Having considered all the evidence, we conclude that there is a realistic prospect that the conditions for coordination are present, and that the elimination of SMD, one of the principal smaller suppliers to the middle-ground customers in the Glasgow Area/Central Belt area, will lead to coordination being more perfect, durable or complete than it would be absent the merger. Smaller rival processors may lack the incentive, if not the ability, to compete with the leading supplier in a market in which the players may be able to tacitly coordinate their activities along leader-follower lines; a perceived lack of access to additional raw milk supplies may also impair their ability to expand production to fill their plants. In particular, we are unable to conclude with the requisite degree of certainty that smaller processors would have both the ability and the incentive to compete for the SMD customers that would transfer to Wiseman as a result of the transaction, and smaller middle ground customers in the region of overlap generally.
Even in the absence of any coordination, the merger may permit Wiseman unilaterally to profitably increase the price of fresh milk to middle ground customers (in particular, but not limited to, former SMD customers) to a level higher than absent the merger.

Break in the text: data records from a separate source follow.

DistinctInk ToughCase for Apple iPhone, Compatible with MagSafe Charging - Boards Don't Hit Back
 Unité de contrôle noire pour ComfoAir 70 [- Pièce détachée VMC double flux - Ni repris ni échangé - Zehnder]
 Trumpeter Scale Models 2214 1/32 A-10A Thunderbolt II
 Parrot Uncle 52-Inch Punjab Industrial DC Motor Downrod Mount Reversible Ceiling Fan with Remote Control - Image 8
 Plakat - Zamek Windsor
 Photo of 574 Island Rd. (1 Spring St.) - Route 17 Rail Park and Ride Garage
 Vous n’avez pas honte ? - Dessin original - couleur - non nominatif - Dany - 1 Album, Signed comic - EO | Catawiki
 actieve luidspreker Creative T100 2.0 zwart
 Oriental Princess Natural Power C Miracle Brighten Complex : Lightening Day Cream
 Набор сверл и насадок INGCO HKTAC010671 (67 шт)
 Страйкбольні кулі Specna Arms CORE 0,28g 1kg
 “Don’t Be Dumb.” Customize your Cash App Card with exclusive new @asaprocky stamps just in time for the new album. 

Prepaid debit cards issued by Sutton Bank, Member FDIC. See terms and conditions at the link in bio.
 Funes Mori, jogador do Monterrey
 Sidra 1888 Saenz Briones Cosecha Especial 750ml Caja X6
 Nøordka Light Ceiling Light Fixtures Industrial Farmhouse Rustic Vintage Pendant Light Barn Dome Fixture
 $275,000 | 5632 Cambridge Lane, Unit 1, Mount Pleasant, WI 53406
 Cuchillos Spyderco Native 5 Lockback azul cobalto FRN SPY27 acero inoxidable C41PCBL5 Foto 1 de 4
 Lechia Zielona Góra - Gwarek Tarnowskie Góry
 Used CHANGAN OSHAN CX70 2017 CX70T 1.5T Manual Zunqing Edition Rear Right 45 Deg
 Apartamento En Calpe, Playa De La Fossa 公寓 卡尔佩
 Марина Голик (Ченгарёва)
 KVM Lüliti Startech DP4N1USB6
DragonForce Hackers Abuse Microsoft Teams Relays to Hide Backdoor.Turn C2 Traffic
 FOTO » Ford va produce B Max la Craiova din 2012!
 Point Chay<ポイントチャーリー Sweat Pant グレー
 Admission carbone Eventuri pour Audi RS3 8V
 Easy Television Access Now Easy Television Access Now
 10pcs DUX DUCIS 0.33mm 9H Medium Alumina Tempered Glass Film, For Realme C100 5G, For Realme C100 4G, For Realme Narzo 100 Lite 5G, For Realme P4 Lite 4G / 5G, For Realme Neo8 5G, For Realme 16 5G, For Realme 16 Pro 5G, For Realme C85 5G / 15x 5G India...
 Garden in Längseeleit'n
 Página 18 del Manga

Moreover, while we are particularly sensitive to the commercial incentive for rivals to frustrate the merger approval process of their competitors, we are unable to resolve the question of whether or not Arla will compete for middle ground customers in the Greater Glasgow area and/or the Central Belt of Scotland to a degree sufficient to alleviate all competition concerns.
Consequently, the OFT believes that it is or may be the case that the merger may be expected to result in a substantial lessening of competition within a market or markets in the United Kingdom.
DECISION
This merger will therefore be referred to the Competition Commission under section 33(1) of the Act.
NOTES
1. OFT decision of 17 April 2005 on the completed acquisition by First Milk Limited of a 15 per cent stake in Robert Wiseman plc (the First Milk/Wiseman decision).